### [EXERCISE PROMPT]
Go through the lines below and copy each one that holds the string "green".

• • • •

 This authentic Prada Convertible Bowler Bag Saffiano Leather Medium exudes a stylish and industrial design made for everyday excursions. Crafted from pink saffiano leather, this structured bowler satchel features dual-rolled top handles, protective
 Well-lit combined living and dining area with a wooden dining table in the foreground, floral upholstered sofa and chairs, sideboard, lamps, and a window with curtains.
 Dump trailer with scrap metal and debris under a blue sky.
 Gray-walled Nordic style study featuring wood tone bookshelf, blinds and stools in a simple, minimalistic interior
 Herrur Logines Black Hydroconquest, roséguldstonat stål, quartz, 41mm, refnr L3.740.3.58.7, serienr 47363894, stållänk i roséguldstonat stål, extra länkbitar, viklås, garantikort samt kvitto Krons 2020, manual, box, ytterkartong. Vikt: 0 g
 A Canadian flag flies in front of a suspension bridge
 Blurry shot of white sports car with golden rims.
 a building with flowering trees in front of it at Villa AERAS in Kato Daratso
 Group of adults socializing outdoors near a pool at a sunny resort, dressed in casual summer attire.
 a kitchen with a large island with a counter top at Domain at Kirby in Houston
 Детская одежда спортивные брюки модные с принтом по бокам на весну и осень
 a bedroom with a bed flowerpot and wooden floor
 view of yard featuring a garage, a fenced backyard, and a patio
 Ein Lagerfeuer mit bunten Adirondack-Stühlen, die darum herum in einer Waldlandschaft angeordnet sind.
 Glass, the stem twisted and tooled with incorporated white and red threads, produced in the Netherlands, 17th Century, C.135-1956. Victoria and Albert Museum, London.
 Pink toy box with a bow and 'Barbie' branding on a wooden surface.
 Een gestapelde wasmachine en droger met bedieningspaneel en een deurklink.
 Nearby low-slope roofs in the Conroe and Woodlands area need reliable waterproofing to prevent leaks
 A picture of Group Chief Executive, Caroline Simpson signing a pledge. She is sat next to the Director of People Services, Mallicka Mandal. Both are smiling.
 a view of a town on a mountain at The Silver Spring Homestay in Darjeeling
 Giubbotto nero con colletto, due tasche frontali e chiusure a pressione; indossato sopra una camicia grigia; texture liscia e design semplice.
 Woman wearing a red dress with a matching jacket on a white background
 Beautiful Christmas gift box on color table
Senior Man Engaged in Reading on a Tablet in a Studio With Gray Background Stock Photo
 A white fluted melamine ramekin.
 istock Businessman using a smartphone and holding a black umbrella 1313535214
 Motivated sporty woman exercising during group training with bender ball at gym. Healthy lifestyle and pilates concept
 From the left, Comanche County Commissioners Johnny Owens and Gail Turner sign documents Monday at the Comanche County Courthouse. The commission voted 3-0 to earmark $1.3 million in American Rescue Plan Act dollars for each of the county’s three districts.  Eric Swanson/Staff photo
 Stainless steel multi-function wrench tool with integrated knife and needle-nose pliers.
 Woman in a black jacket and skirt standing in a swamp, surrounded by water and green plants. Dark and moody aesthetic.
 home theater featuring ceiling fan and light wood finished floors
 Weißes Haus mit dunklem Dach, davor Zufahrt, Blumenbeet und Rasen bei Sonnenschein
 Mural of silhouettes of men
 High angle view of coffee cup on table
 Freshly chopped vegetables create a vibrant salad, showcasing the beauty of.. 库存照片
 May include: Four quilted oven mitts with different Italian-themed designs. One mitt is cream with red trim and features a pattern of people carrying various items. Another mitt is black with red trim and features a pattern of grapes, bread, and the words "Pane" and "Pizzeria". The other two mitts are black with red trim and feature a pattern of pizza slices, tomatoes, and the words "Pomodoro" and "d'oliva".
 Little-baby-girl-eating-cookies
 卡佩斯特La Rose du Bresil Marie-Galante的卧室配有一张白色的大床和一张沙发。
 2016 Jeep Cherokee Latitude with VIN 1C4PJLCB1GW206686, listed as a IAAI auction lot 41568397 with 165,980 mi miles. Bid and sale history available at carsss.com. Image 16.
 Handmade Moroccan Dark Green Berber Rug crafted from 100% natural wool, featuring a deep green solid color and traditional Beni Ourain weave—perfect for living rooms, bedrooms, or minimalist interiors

• • • •

### [YOUR RESPONSE]
 Woman in a black jacket and skirt standing in a swamp, surrounded by water and green plants. Dark and moody aesthetic.
 Handmade Moroccan Dark Green Berber Rug crafted from 100% natural wool, featuring a deep green solid color and traditional Beni Ourain weave—perfect for living rooms, bedrooms, or minimalist interiors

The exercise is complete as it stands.